Un verbo al centro della liturgia di oggi: il verbo amare. L’ideale continuazione della scorsa domenica. Questo verbo mi dice anche che la nostra lingua imprigiona in un’unica parola questa esperienza così fondamentale per l’uomo e al tempo stesso così ricca e complessa. In greco ci sono quattro parole per dire l’amore: l’amore è agape (il nostro caso), ma è anche filia (amicizia), eros l’amore degli innamorati che porta alla fisicità, alla corporeità, oppure storge, semplice affetto, ovvero la più umile e modesta forma dell’amore, quella che più si avvicina al mondo degli animali.

La Scrittura, per mezzo dell’evangelista Giovanni, ci dice che Dio è amore, Dio è agape: è questo l’amore che va al di là di ogni misura umana, è soltanto questo l’amore che ha la pienezza, la profondità, la sconfinata grandezza dell’amore di Dio. E’ questo che dobbiamo ricordarci ogni volta che ci sentiamo richiamare il comandamento dell’amore perché ci viene richiesta la totalità dell’amore, non un semplice affetto, un’amicizia, una passione o un amore a metà.
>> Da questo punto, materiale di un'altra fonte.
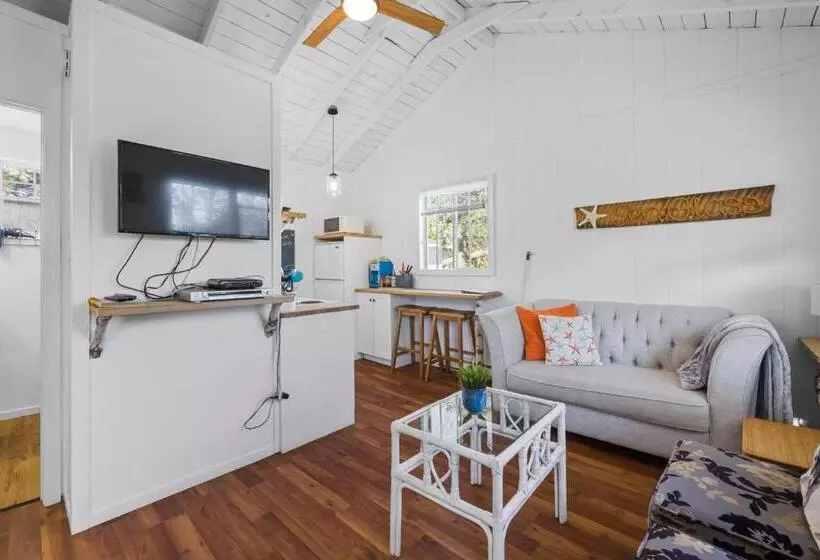 Majatalo Beach Trees Cottages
Amerai il Signore Dio tuo... amerai il prossimo... amerai te stesso... ecco che il vangelo ci dà tre indicazioni importanti, tre direzioni fondamentali: amare se stessi, amare gli altri e amare Dio.
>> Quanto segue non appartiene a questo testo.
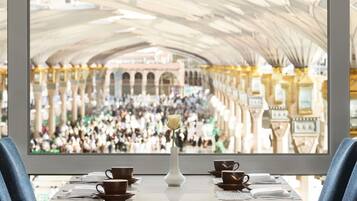 4 restaurants, breakfast served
Amare se stessi non è facile, volersi bene non è facile, accettarsi non è facile, eppure questo è il primo passo necessario ed è un passo che non muoveremo mai fino a che non ci sapremo amati da Dio, da quel Dio che non cessa di ripeterci: Tu sei importante per me. Tu sei importante anche quando nessuno ti considera importante. Amare sé è riconoscere il dono, la preziosità, il valore che Dio ha posto in noi con il suo amore. Amare sé è provare gioia e gratitudine.

Amare gli altri dopo che si è riconosciuto il dono allora siamo pronti a metterlo in circolo quel dono; mi piace condividere con voi un distinguo che fa un sacerdote di Milano e che sento, almeno per me molto importante: Siamo chiamati ad amare gli altri non per amore di Dio, ma con tutto l’amore di Dio. Le due espressioni sono segnate da una profonda differenza. Se si ama per amore di Dio si corre il rischio di servirsi delle persone che noi amiamo come strumento per dimostrare la nostra virtù. Allora l’altro non è più amato in se stesso, ma solo in quanto ci permette, esercitando la carità, di acquistare dei meriti davanti agli altri e davanti a Dio. Non dobbiamo amare per amore di Dio, ma con l’amore di Dio, con quella pienezza, con quella disinteressata tenerezza con cui Dio ci ama. (don L. Pozzoli)

Amare il Signore Dio. amare Dio, per la Scrittura, non vuol dire che Dio deve diventare l’oggetto del nostro amore. Amare Dio, per la Scrittura significa sostituire il suo volere al nostro, accogliendolo e facendone, nell’obbedienza, il principio del proprio essere e del proprio agire. La prospettiva della Bibbia è davvero molto radicale. Dio non è semplicemente oggetto della ricerca dell’uomo o del desiderio dell’uomo; Dio è Colui che entra nella vita dell’uomo ponendola in crisi come struttura razionale, ma allo stesso tempo la rigenera come recettività, accoglienza cui affidare un compito. Amare Dio vuol dire aderire al suo volere dicendo no al proprio. Amare Dio con tutto cuore allora non vuole dire ama Dio e basta... vuol dire ama Dio senza mezze misure, senza mediocrità (E. Ronchi) Amare vuol dire non essere indifferenti, amare è capire che Dio e il mio prossimo sono simili proprio come il secondo comandamento è simile al primo. Ama Dio con tutto il cuore, solo così potrai moltiplicare l’amore, perché c’è ancora posto nel cuore per la moglie, i figli, i fratelli, l’amico e (dice sempre E. Ronchi), per i discepoli veri, per il nemico! Dio non ruba il cuore ma lo moltiplica!

Che Dio ci aiuti a non separare mai i due comandamenti, ma come Gesù ha detto possiamo sempre tenerli uniti in noi nella consapevolezza che non basta amare Dio, perché anche i farisei lo facevano nel tempio di Gerusalemme, ma poi disprezzavano i fratelli e non basta amare il prossimo impegnandosi per i poveri, per la giustizia, per la pace, perché Dio certamente è nei piccoli, ma resta l’unico capace di cambiare, nutrire ed orientare il cuore moltiplicato dal suo amore!